A 1950s landmark clings to life along Route66 in Rialto, home to those souls who are trying to start over at $45 a night.


Home is a green concrete tepee on a boulevard of barred buildings and weedy lots. Rudy Rios arrived late at the Wigwam Motel--50 years after it became a novelty stopping place for families driving west to Los Angeles. He got here the way so many guests now do, through hardship, after a divorce left him homeless.

"Sometimes," Rios said, "you come out with nothing."

The Wigwam would be just another low-rent motel on Foothill Boulevard, at the Rialto and San Bernardino border, if not for its striking architecture and iconic status on historic Route 66. The 20 tepees left over from 1950 are all 30 feet tall and clustered like an Indian village.
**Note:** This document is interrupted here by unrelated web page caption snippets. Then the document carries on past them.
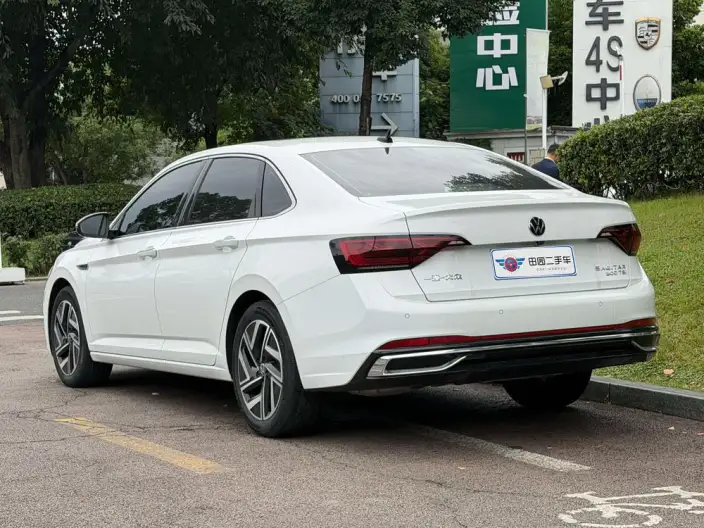 Volkswagen Sagitar 2023 Model 300TSI DSG Beyond Edition – фото 4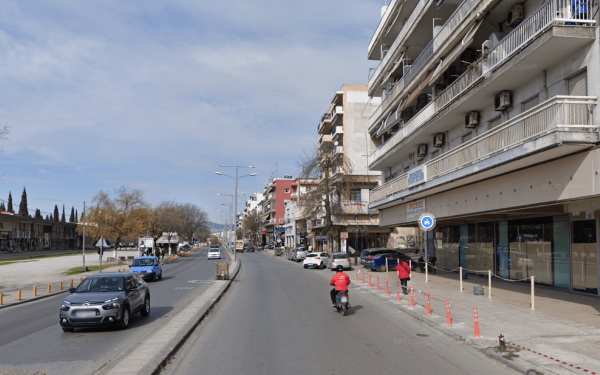 Η νέα απόπειρα για να τιμηθεί ο Μίκης, το κυκλοφοριακό της Θεσσαλονίκης και οι μπηχτές κατά του πρώην πρύτανη του ΑΠΘ. Γράφει ο Σαλονικιός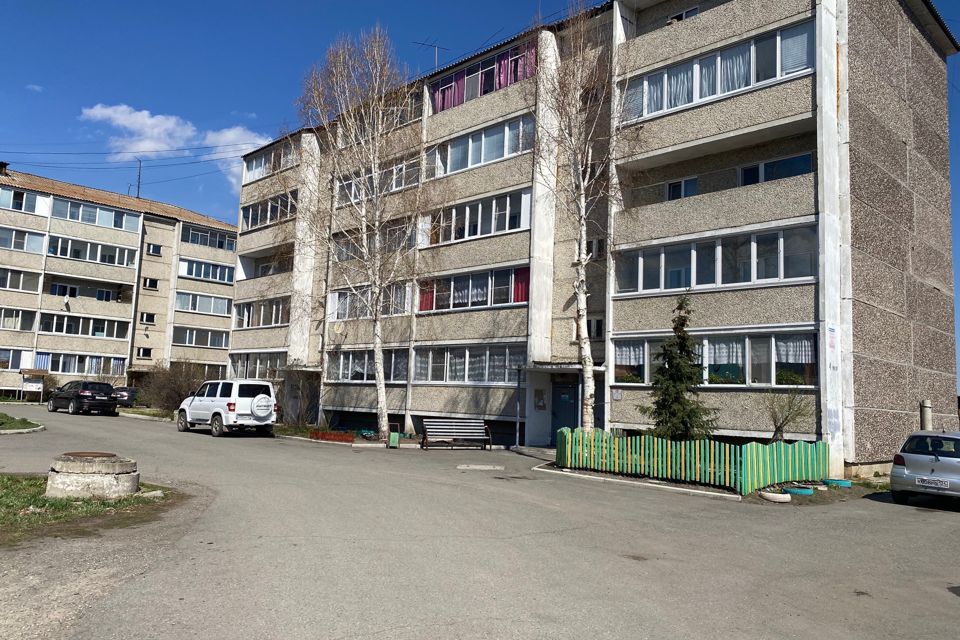 Продаётся 3-комнатная квартира, 61.5 м²
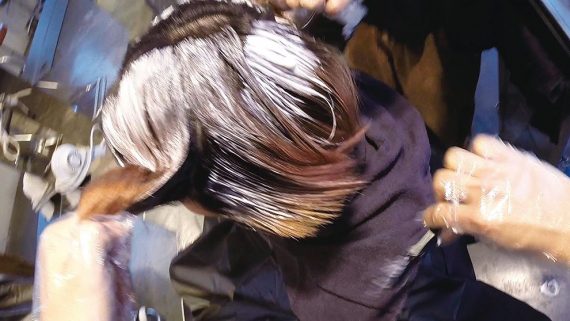 カラー塗布の技術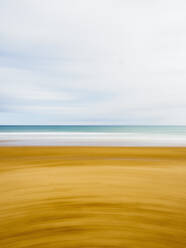 Australia, Queensland, Blurred image of sand beach and sea - TETF02213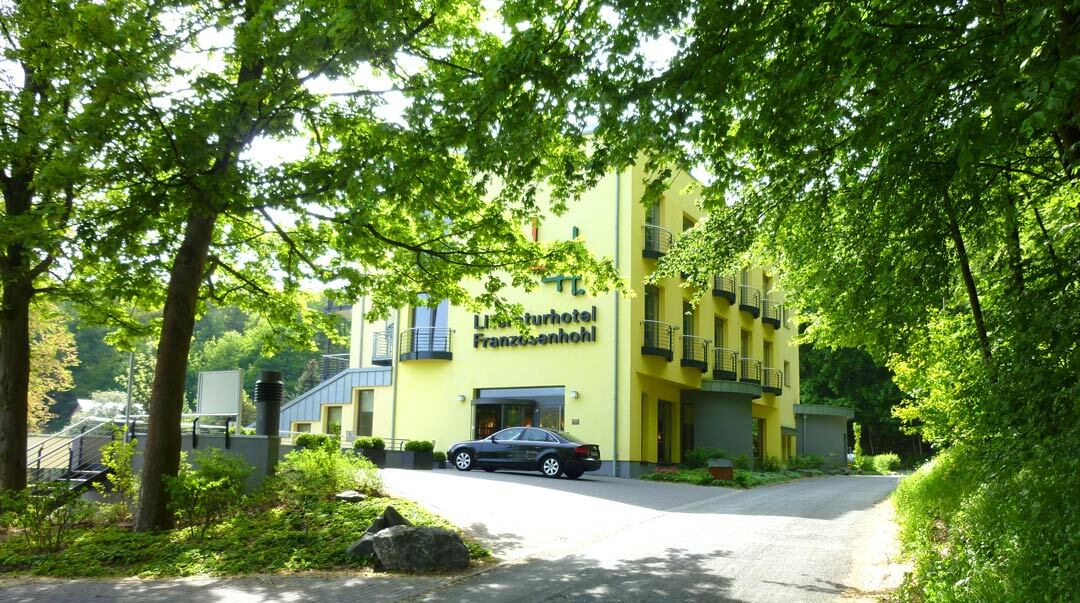 リテラツルホテル フランゾセンホル イーザーローン エクステリア 写真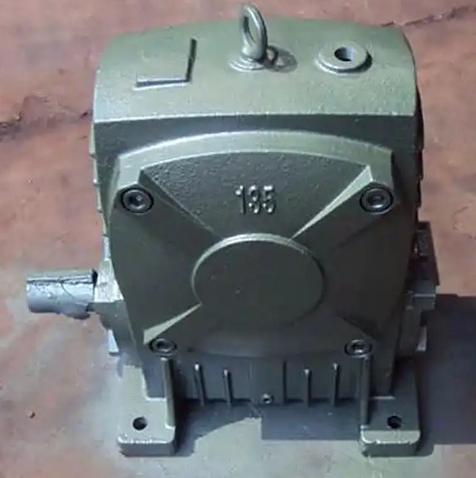 What is the relationship between the transmission ratio and noise level of WPA70-50-A worm gear reducer What is the relationship between the transmission ratio and noise level of WPA70-50-A worm gear reducer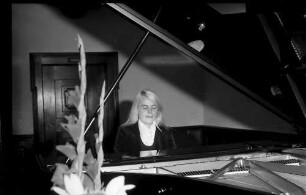 Freiburg: Kaufhaussaal, Konzert und Ausstellung Hortense von Gelmini, Hortense von Gelmini am Flügel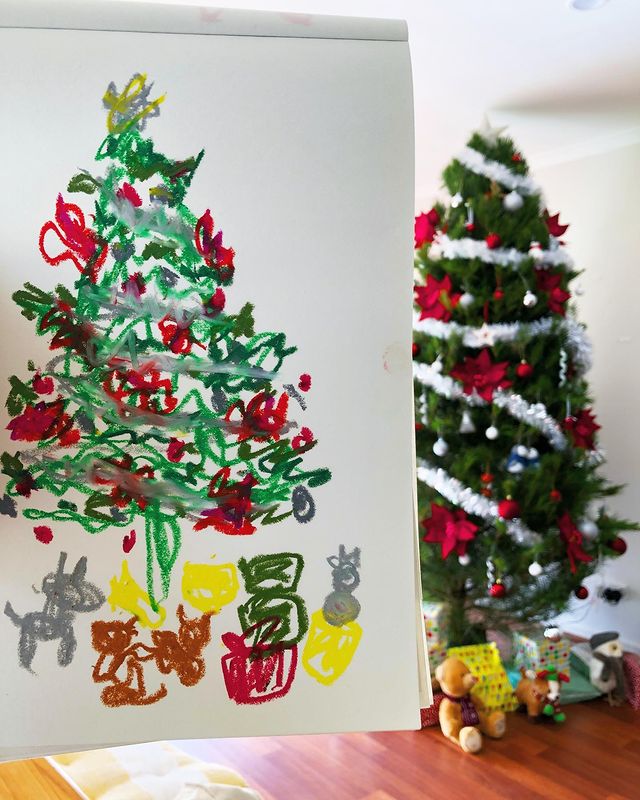 christmas tree drawing with gifts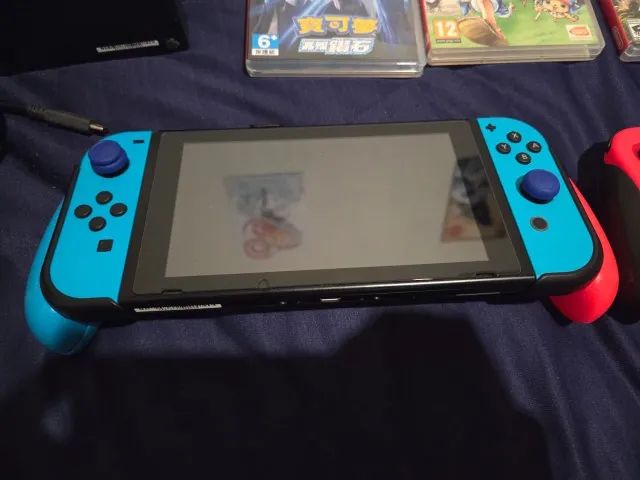 Nintendo switch V1 + acessórios e jogos.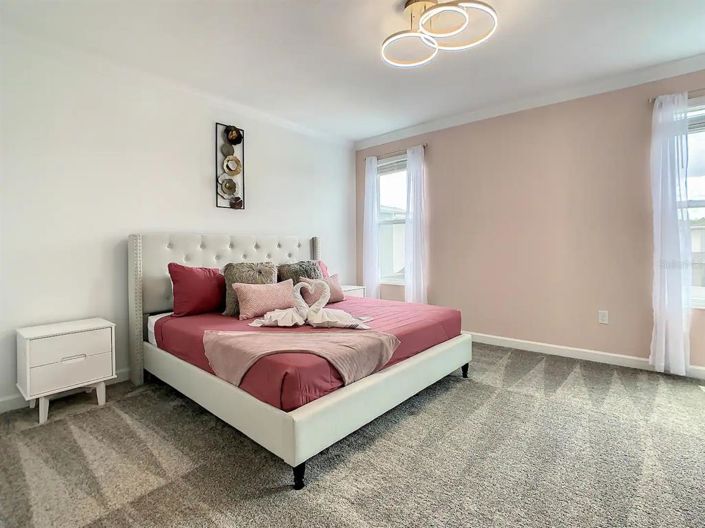 Image No.15-6 Bed Property for sale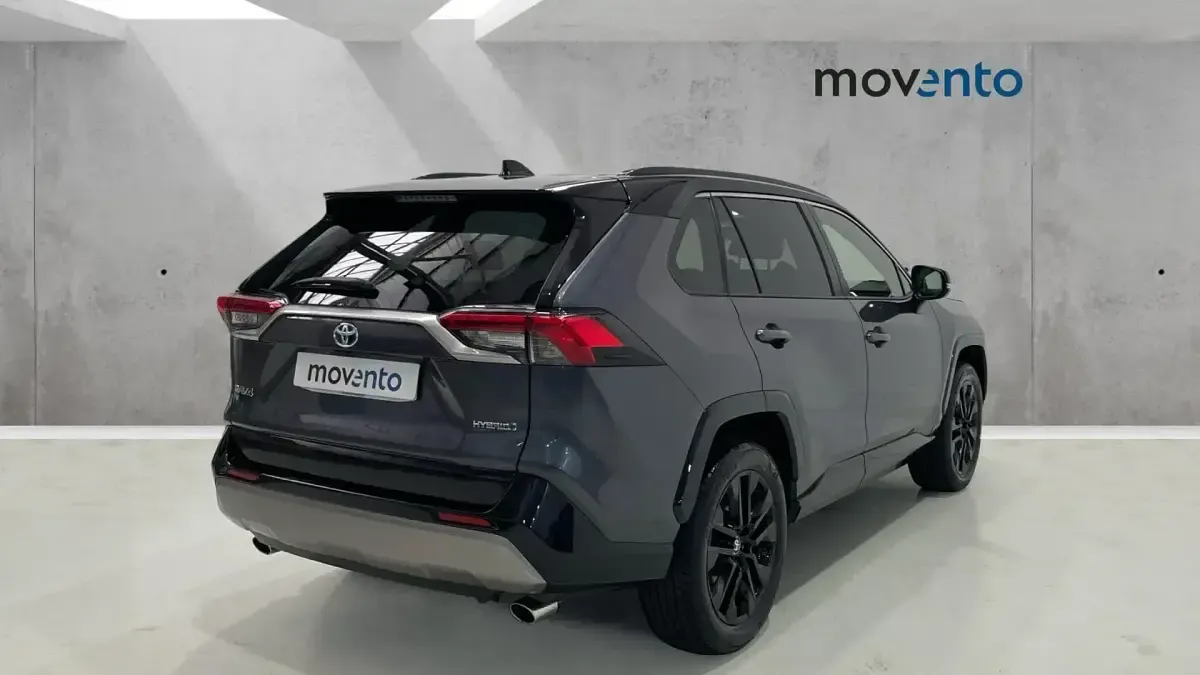 Usado Toyota RAV4 Style 218 CV (160 kW) 2022 Gris SUV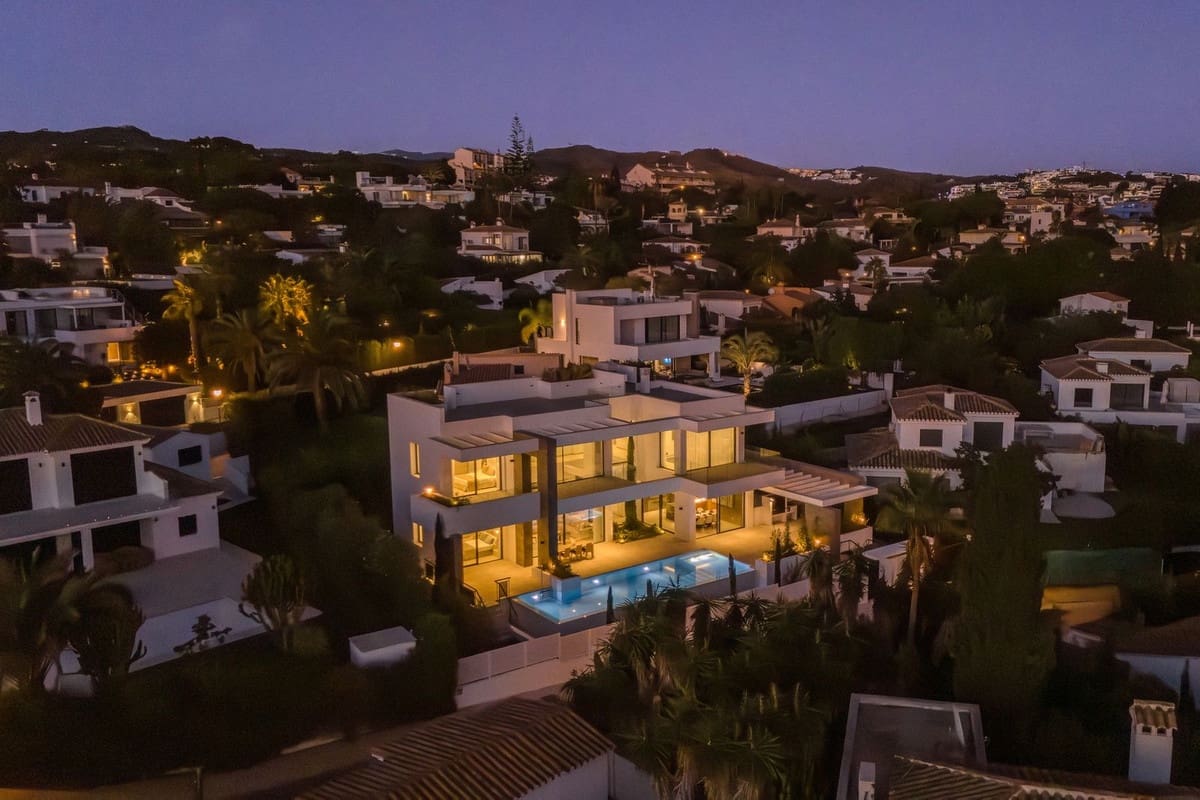 5 bedroom Villa for sale in Marbesa with pool garage - € 3,295,000 (Ref: 6015406)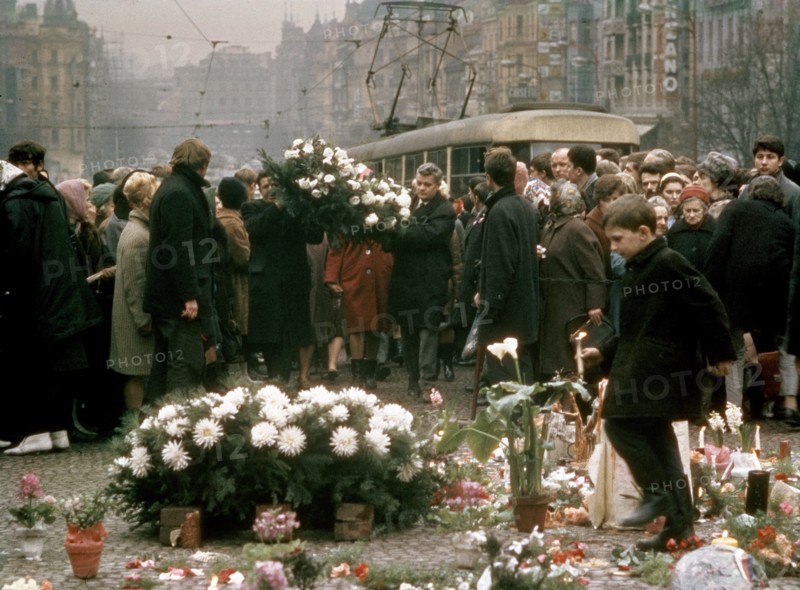 Crowd gathered on Jan Palach's tomb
The motel's new management has repainted them--blue, red, lilac, yellow and pink--and put in fresh carpet, microwaves and small refrigerators. The air conditioners are working again.

Still, the Wigwam's decline all but blazes in neon. The pool is empty even in the summer heat, barricaded by a chain-link fence. The lawn is dead. The roadside marquee--which suggested, "Do It in a Tepee"--is broken out, and the wooden Indian below it is badly splintered.

Few cars cross the cracked asphalt on weekdays, despite room rates of $45 a night. Fridays and Saturdays get busier, partly because of nightclubs in Rialto.

Rios, a 52-year-old machinist, moved in nearly two years ago. He and his girlfriend, Jennie, pay by the week--a little less than $200. For a while, he was embarrassed by his address. But the Wigwam is no worse than a studio apartment. The grounds are quiet, no longer the domain of young children.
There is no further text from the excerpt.